WHAT IS NEEDED — Please print the full listing below exactly, but not the pictures in it.

####

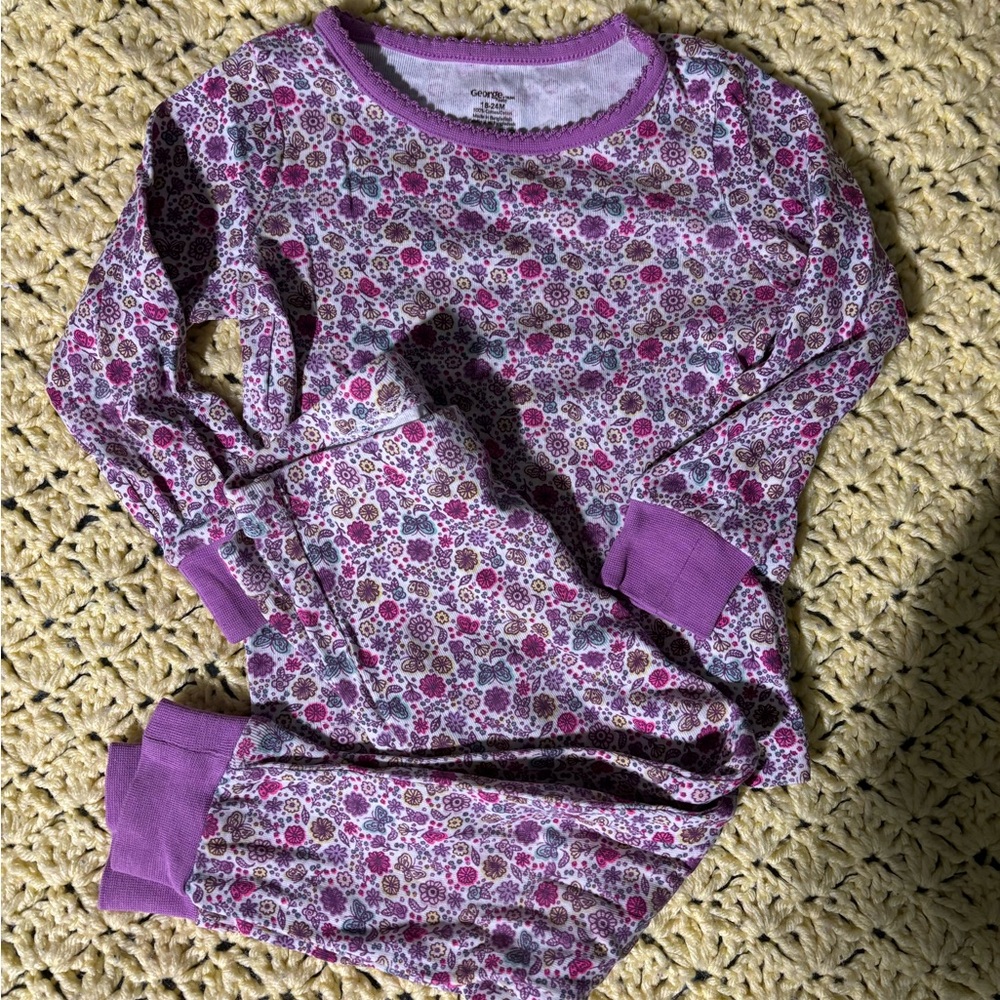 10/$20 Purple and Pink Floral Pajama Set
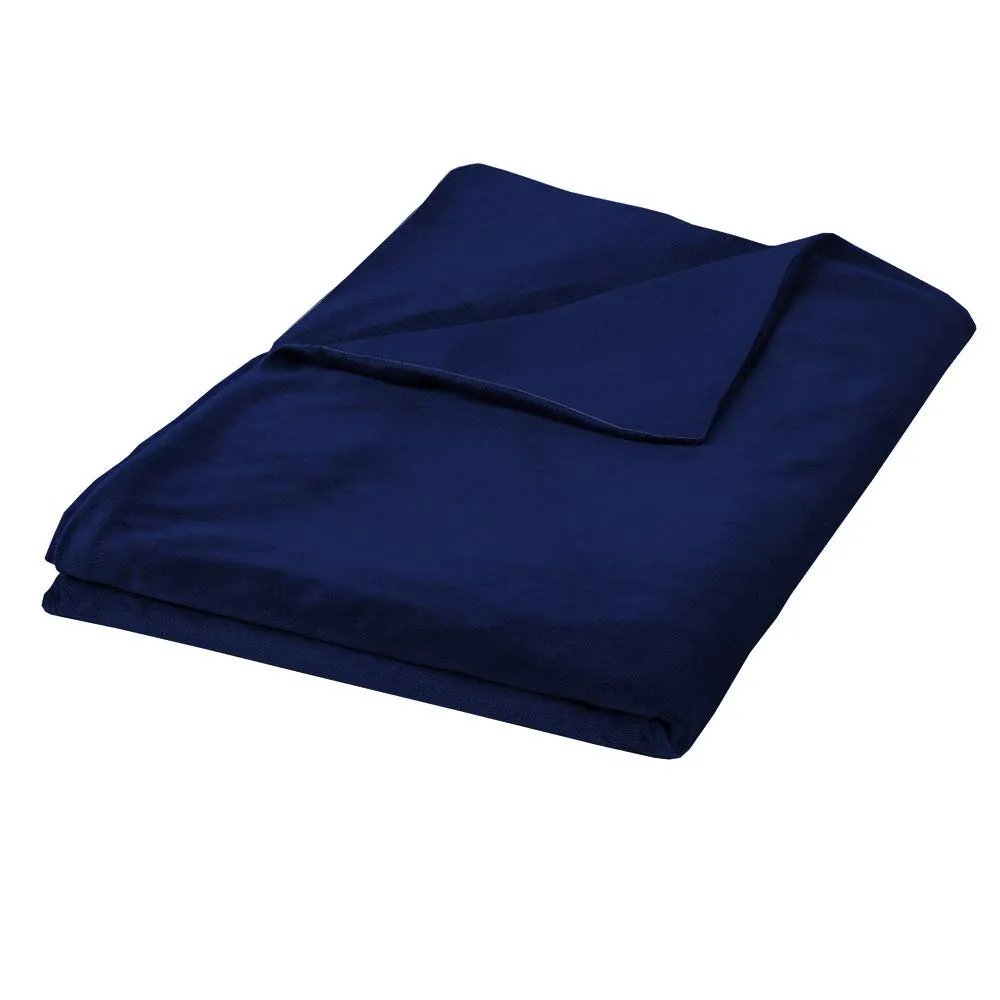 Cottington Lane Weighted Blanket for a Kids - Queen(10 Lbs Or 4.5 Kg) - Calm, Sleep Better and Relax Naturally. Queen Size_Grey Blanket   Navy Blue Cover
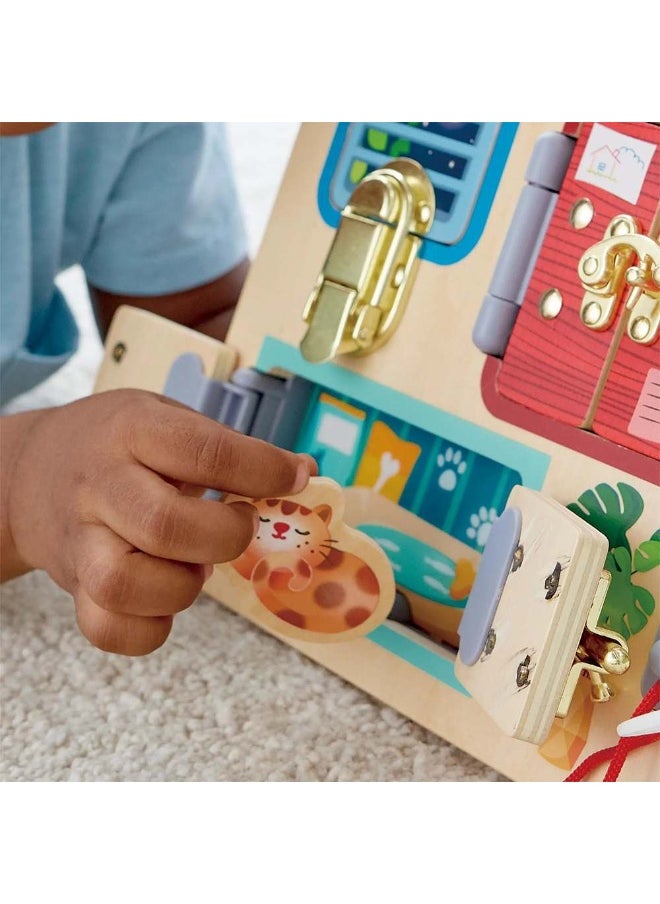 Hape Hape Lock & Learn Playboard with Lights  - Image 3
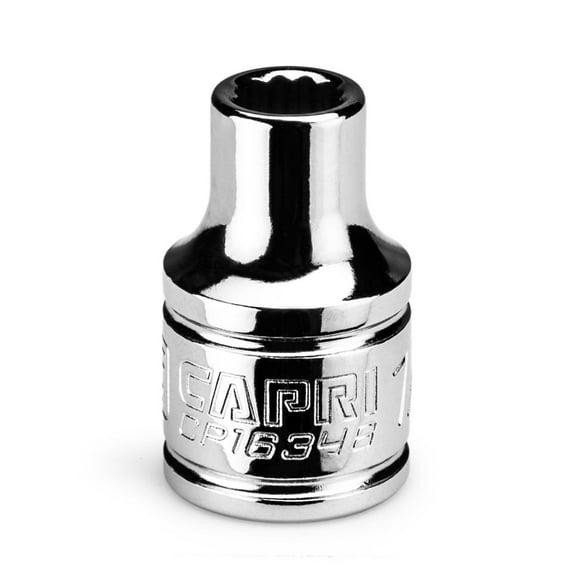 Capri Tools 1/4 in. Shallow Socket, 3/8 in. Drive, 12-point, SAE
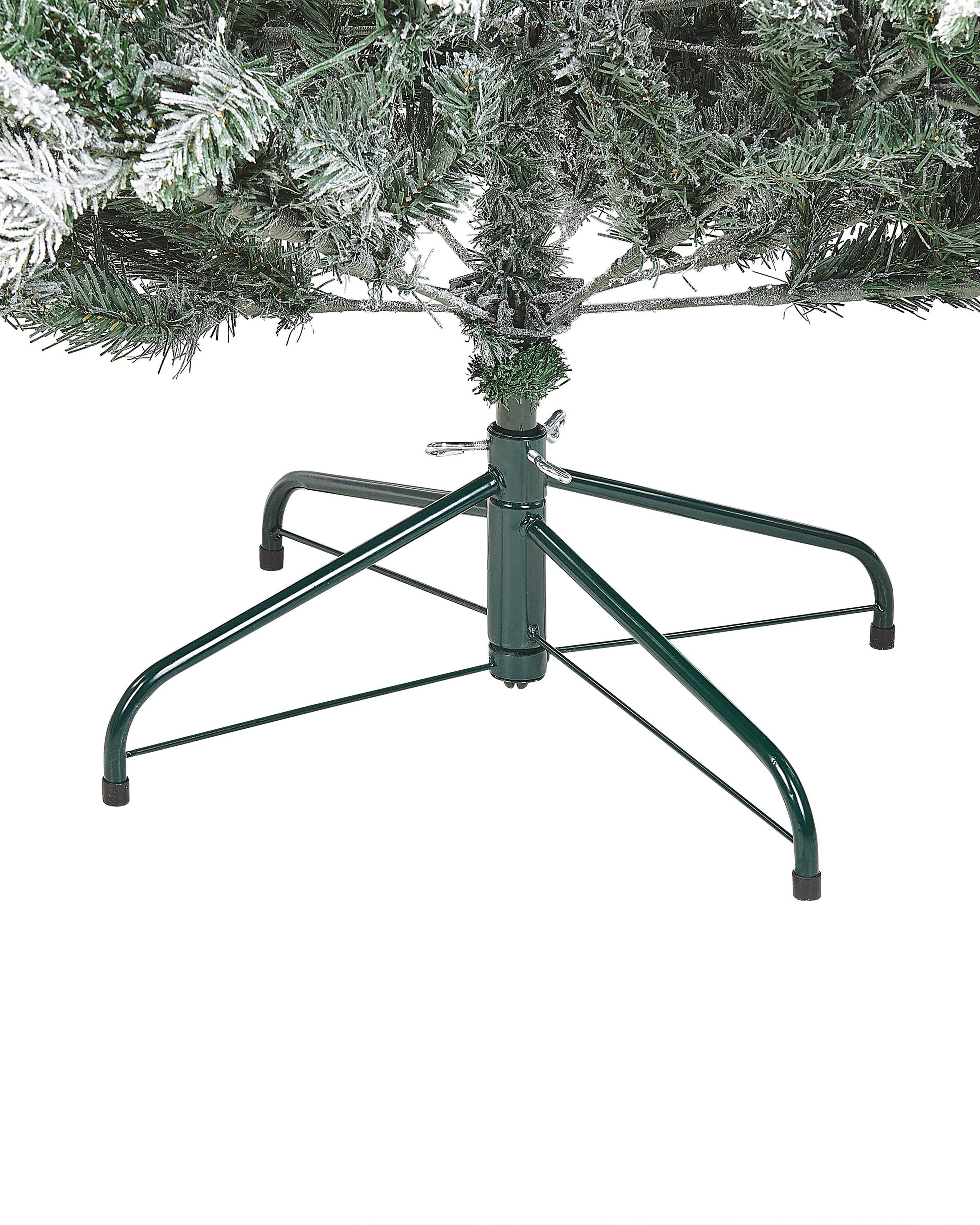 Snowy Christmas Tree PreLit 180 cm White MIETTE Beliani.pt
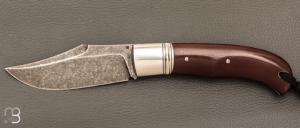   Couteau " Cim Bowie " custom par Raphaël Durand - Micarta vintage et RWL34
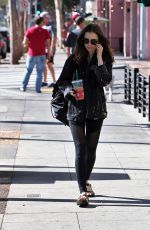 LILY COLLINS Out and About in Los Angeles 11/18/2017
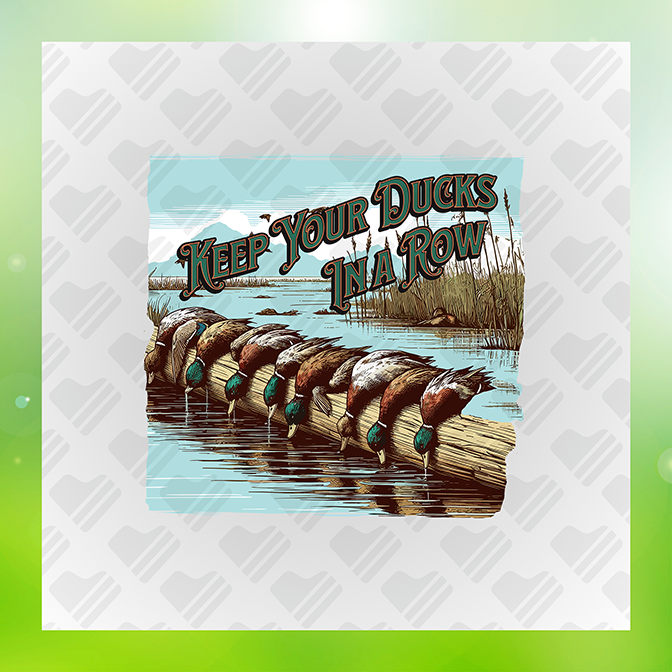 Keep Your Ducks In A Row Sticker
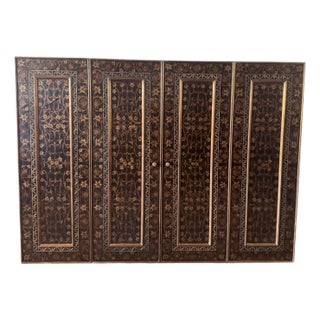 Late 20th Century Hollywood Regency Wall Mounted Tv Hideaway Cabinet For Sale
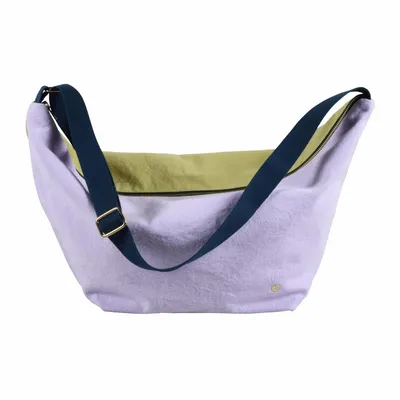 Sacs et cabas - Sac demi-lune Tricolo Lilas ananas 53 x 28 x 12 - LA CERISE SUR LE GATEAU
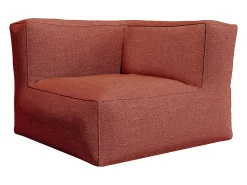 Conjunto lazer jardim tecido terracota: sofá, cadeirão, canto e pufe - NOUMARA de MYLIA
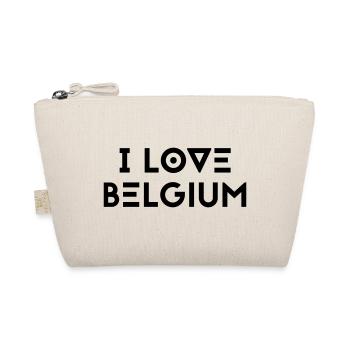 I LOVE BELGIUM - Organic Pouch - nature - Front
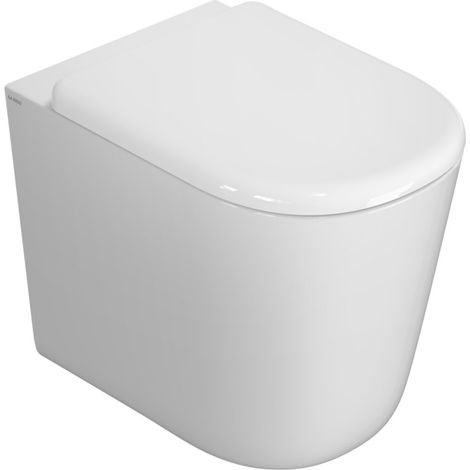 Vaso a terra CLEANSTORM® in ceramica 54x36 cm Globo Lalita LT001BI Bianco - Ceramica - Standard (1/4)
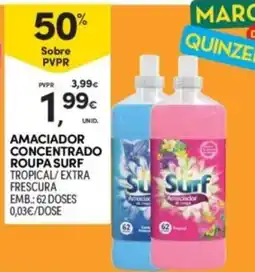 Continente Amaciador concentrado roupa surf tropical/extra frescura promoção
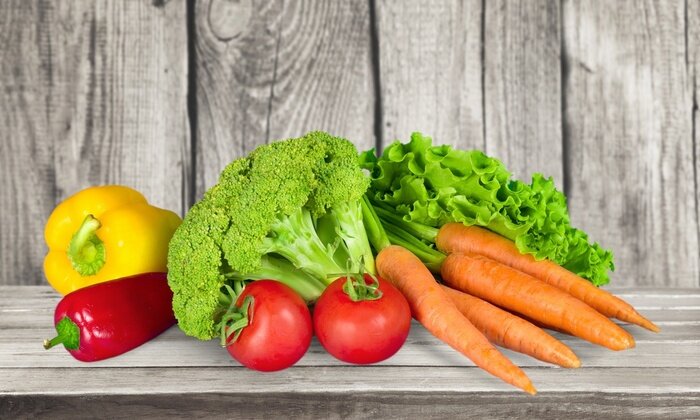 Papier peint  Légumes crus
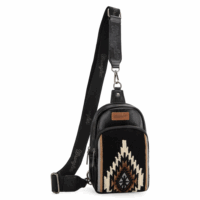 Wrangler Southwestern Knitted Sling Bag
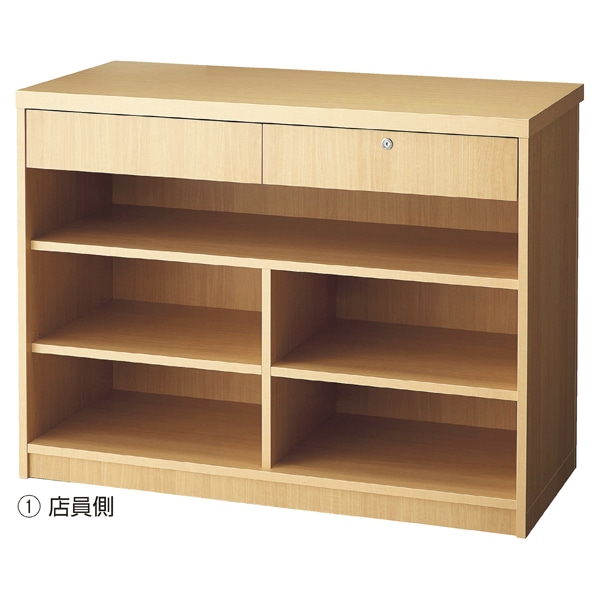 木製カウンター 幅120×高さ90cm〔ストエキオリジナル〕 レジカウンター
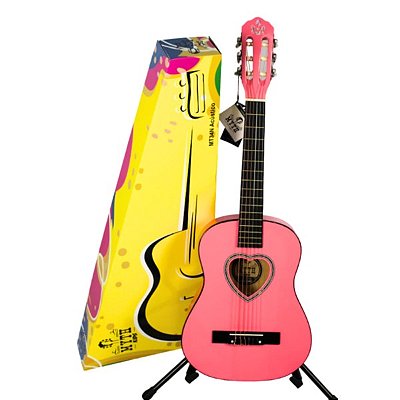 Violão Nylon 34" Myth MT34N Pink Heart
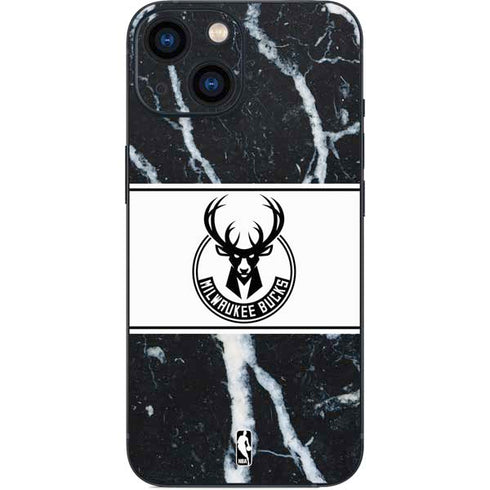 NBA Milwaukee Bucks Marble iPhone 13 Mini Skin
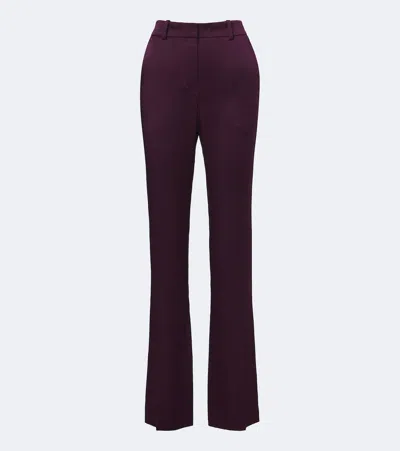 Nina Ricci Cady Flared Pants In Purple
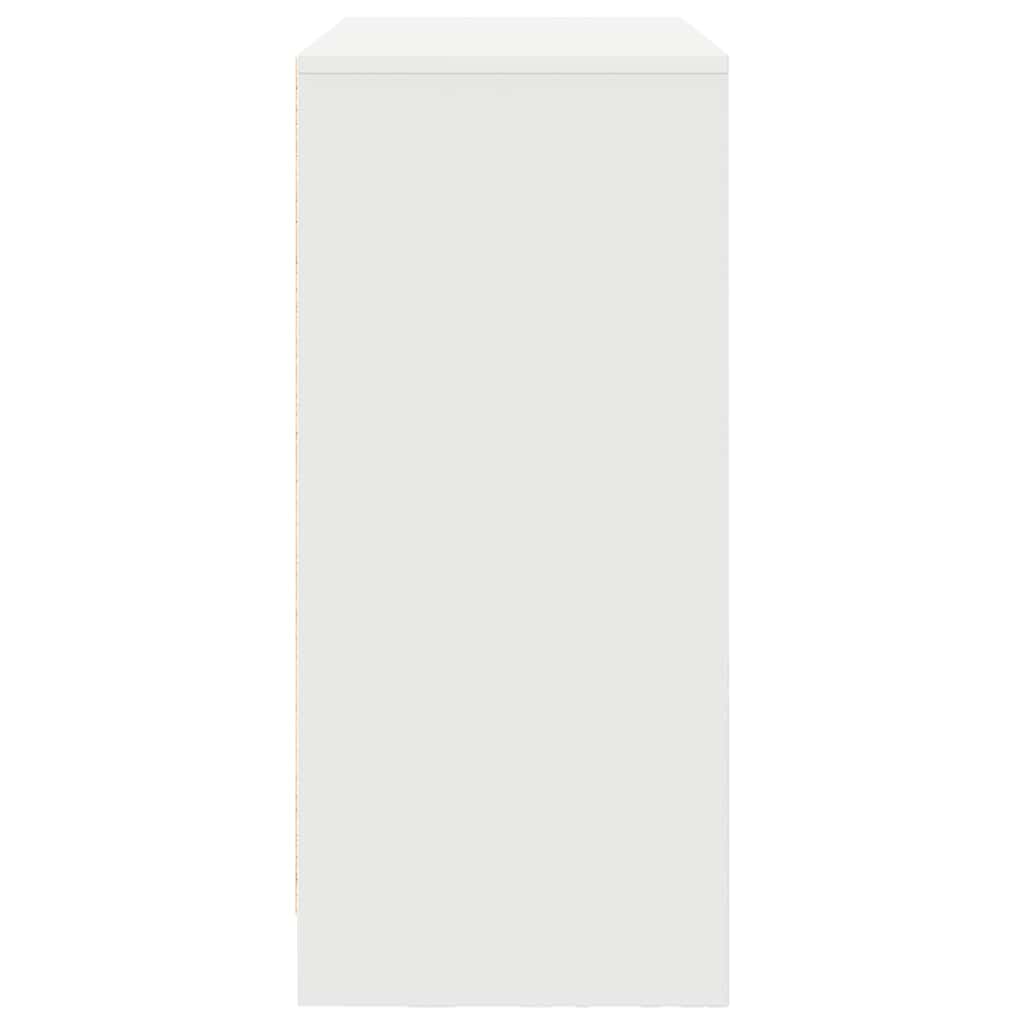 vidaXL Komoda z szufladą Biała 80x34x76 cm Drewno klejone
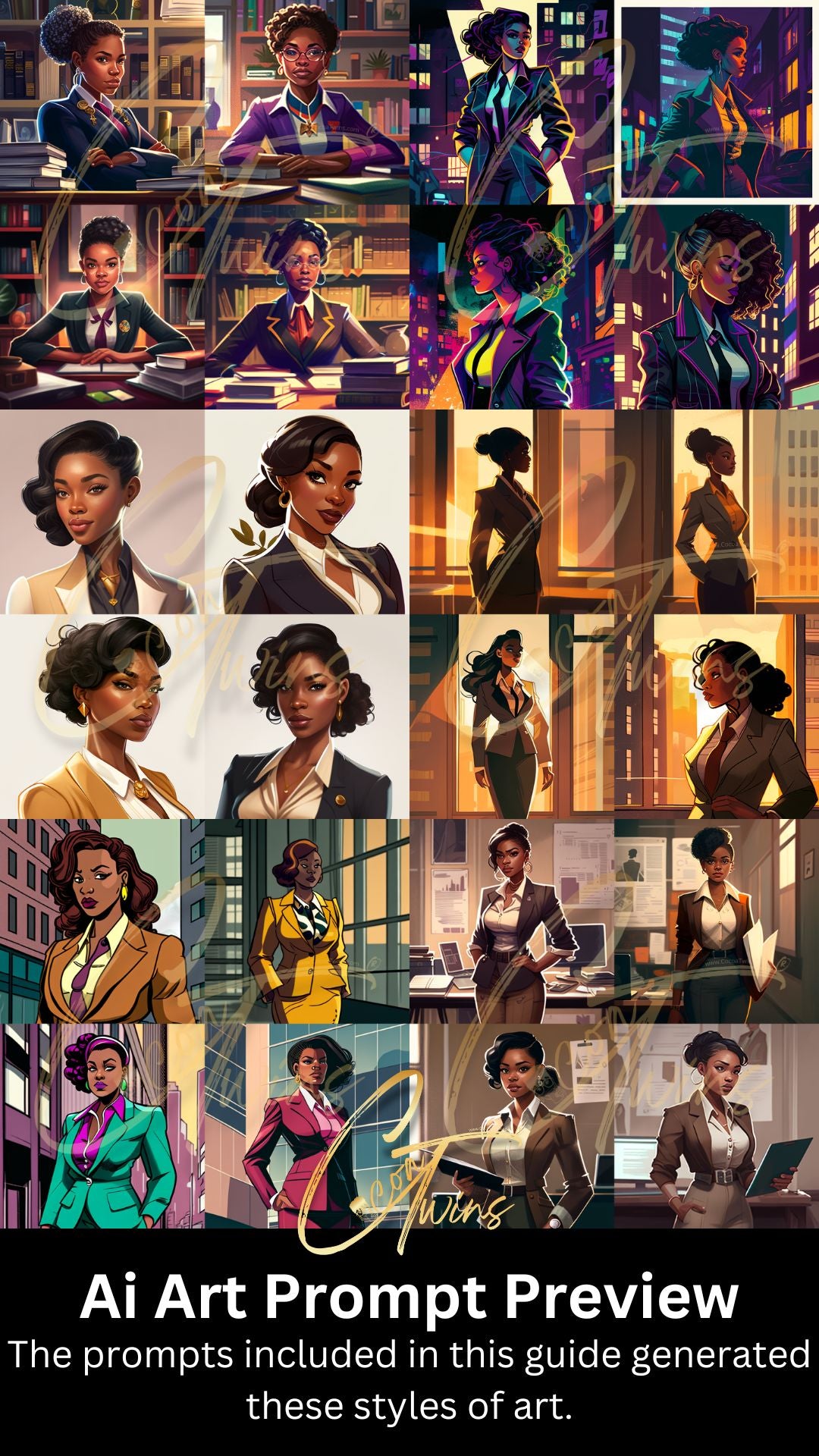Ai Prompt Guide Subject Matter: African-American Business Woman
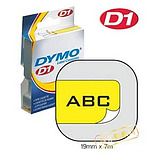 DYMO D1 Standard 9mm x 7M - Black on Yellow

####

TASK RESULT —
 10/$20 Purple and Pink Floral Pajama Set
 Cottington Lane Weighted Blanket for a Kids - Queen(10 Lbs Or 4.5 Kg) - Calm, Sleep Better and Relax Naturally. Queen Size_Grey Blanket   Navy Blue Cover
 Hape Hape Lock & Learn Playboard with Lights  - Image 3
 Capri Tools 1/4 in. Shallow Socket, 3/8 in. Drive, 12-point, SAE
 Snowy Christmas Tree PreLit 180 cm White MIETTE Beliani.pt
   Couteau " Cim Bowie " custom par Raphaël Durand - Micarta vintage et RWL34
 LILY COLLINS Out and About in Los Angeles 11/18/2017
 Keep Your Ducks In A Row Sticker
 Late 20th Century Hollywood Regency Wall Mounted Tv Hideaway Cabinet For Sale
 Sacs et cabas - Sac demi-lune Tricolo Lilas ananas 53 x 28 x 12 - LA CERISE SUR LE GATEAU
 Conjunto lazer jardim tecido terracota: sofá, cadeirão, canto e pufe - NOUMARA de MYLIA
 I LOVE BELGIUM - Organic Pouch - nature - Front
 Vaso a terra CLEANSTORM® in ceramica 54x36 cm Globo Lalita LT001BI Bianco - Ceramica - Standard (1/4)
 Continente Amaciador concentrado roupa surf tropical/extra frescura promoção
 Papier peint  Légumes crus
 Wrangler Southwestern Knitted Sling Bag
 木製カウンター 幅120×高さ90cm〔ストエキオリジナル〕 レジカウンター
 Violão Nylon 34" Myth MT34N Pink Heart
 NBA Milwaukee Bucks Marble iPhone 13 Mini Skin
 Nina Ricci Cady Flared Pants In Purple
 vidaXL Komoda z szufladą Biała 80x34x76 cm Drewno klejone
Ai Prompt Guide Subject Matter: African-American Business Woman
 DYMO D1 Standard 9mm x 7M - Black on Yellow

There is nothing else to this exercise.